Back in July 2010 I built a file server with RAID 1 which I used to store every single bit of digital media that was important to me, including over 200 gigabytes of photos dating all the way back to 2003. The RAID was comprised of two 2TB Western Digital green hard drives that, as of August 2017, had reached almost four years of continuous uptime. I didn't have any other backup solutions for this data because I figured what were the odds that both drives would fail at the exact same time? As long as one of the drives lived I should be able to rebuild the array with a new drive and all the data would be recovered, right? I'm sure most of you can see where this is going.

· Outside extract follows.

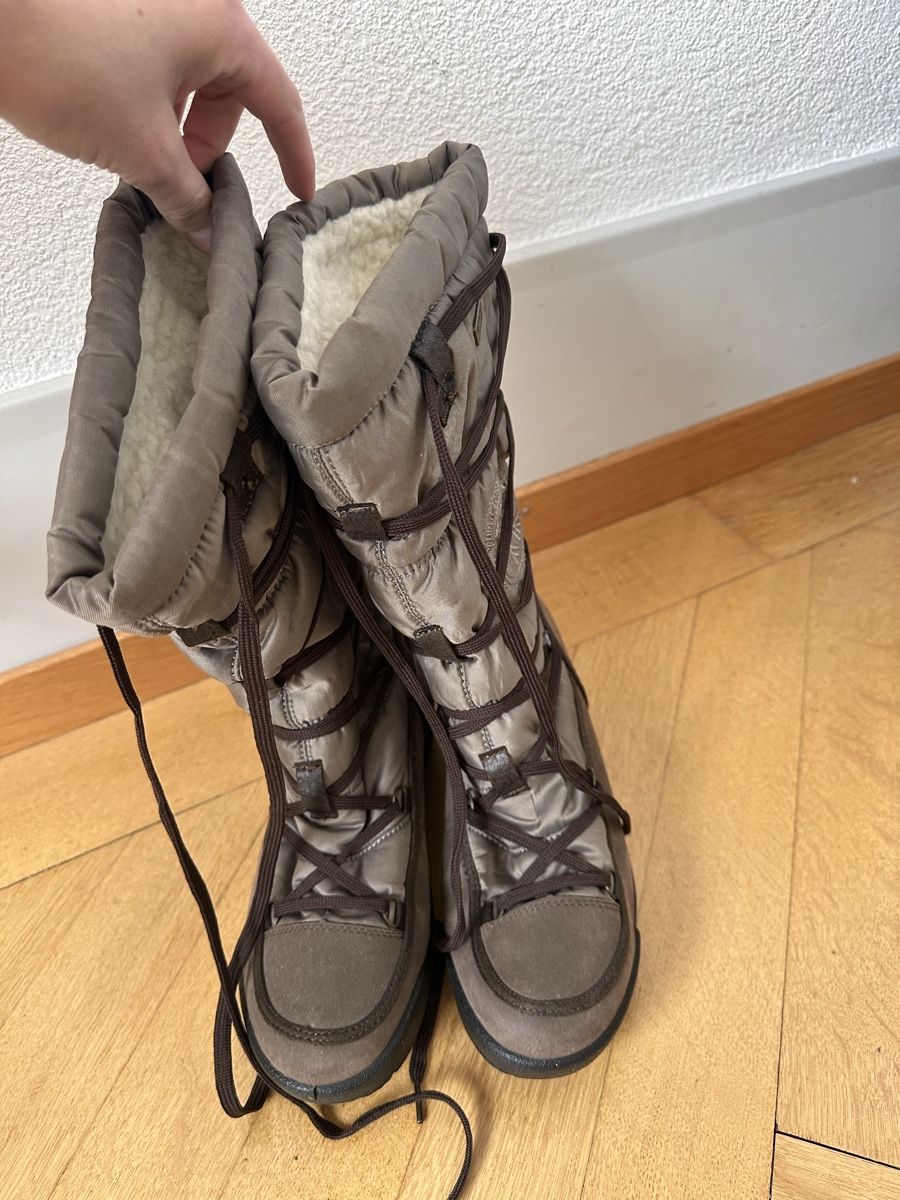 Scarpe da donna: Winterstiefel Schneeschuhe – Usato da Zürich venduto da sin_q2m2 1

Cut to the morning of Sunday, August 13, 2017. I decided to build a new file server because my existing one was getting old and had absolutely no room for expansion since it was in a home theatre PC style case. The server had not even been turned on in months and was tucked away deep in my closet. I pulled it out, plugged it in, turned it on and BAM. "Serious issues were found while checking the disk drive. Press M for manual recovery." uh oh.

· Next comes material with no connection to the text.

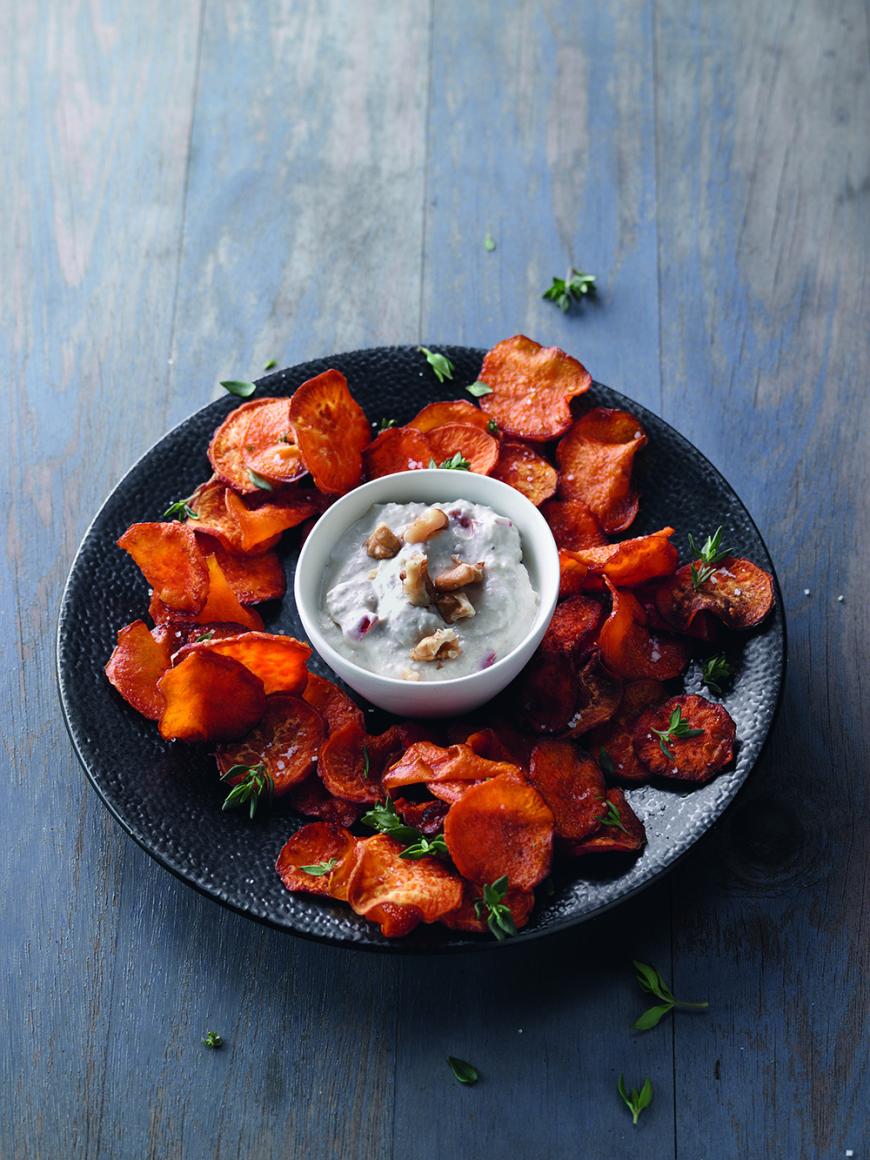 Süßkartoffelchips mit geröstetem Walnuss-Dip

I proceeded to spend the next five hours of my Sunday trying to understand what the heck went wrong. After reading thousands of lines of man pages and trying dozens of tools I finally came to the realization that both of the hard drives were fucked. I could not get either of them to mount and only one of them was actually recognized by Ubuntu as having a valid file system.
I quickly switched from "I am a computer science major. I can fix this." to "Oh fuck, I am in over my head. Who can I pay to fix this?". I typed "sf data recovery" into Google and the top result was Lazarus Data Recovery. Their Yelp reviews filled me with confidence so I gave them a call. Keep in mind this is now 3pm PST on a Sunday and someone picked up within seconds. I talked to William who listened to my problem and told me that if I showed up tomorrow morning at 10am he would be able to help me out.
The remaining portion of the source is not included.